**Record excerpts**
------------------------------------

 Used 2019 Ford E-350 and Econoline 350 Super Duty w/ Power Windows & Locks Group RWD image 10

------------------------------------

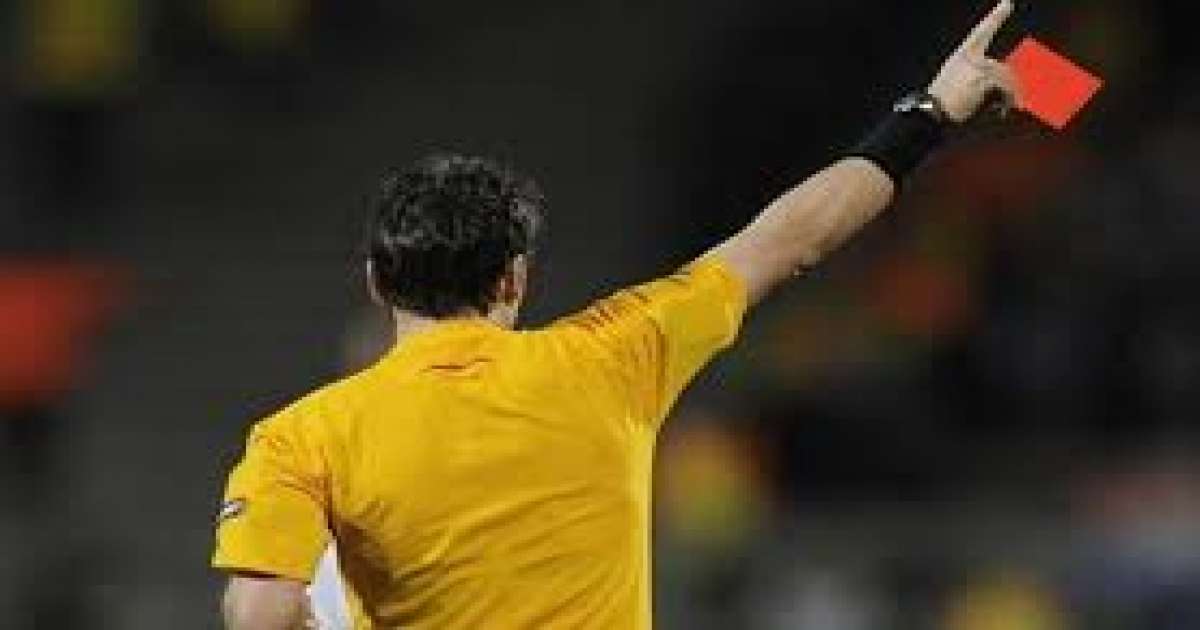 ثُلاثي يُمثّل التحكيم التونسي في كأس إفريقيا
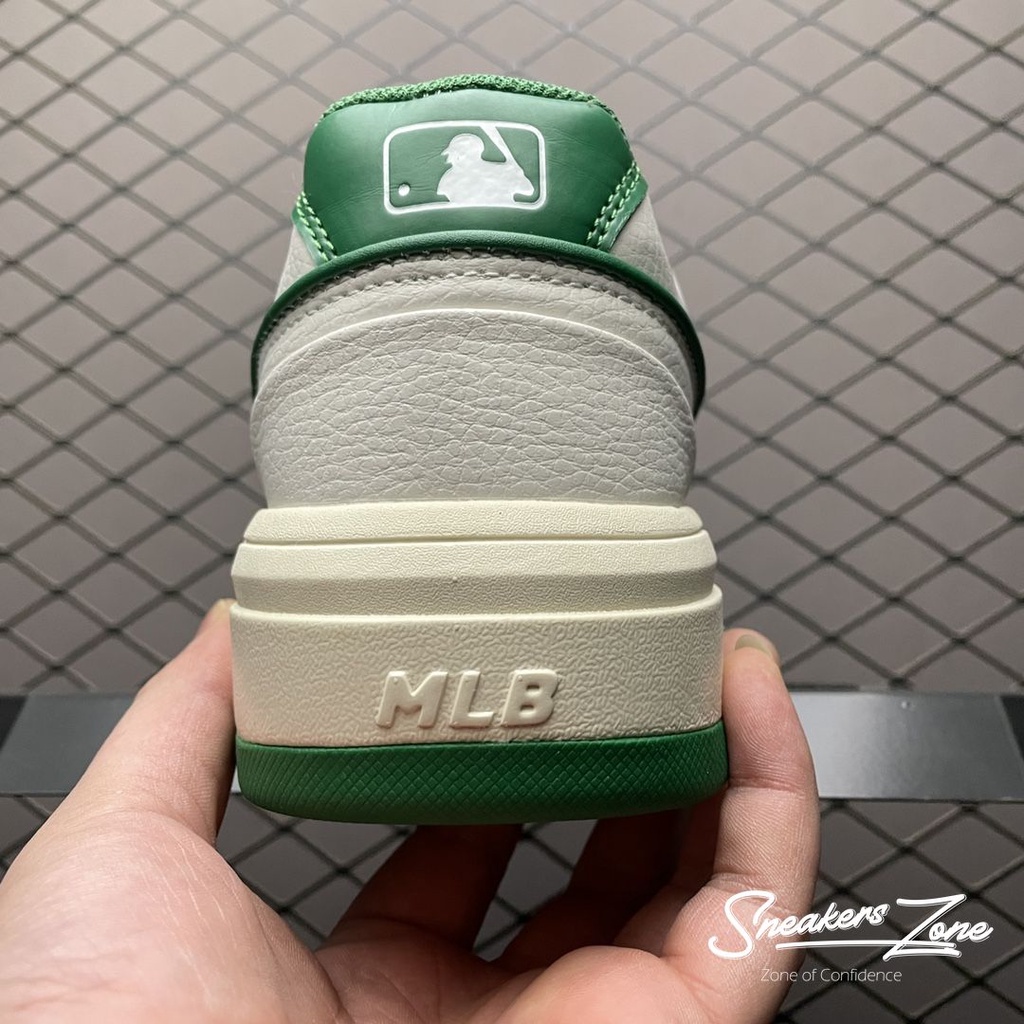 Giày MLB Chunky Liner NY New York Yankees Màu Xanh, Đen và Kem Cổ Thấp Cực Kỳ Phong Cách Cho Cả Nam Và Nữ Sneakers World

------------------------------------

**How to complete this task**
Set the pictures aside and reproduce exactly the lines above, from the line holding "ثُلاثي يُمثّل التحكيم التونسي في كأس إفريقيا" through the line holding "Giày MLB Chunky", both included, with nothing else.

**Task output**
 ثُلاثي يُمثّل التحكيم التونسي في كأس إفريقيا
 Giày MLB Chunky Liner NY New York Yankees Màu Xanh, Đen và Kem Cổ Thấp Cực Kỳ Phong Cách Cho Cả Nam Và Nữ Sneakers World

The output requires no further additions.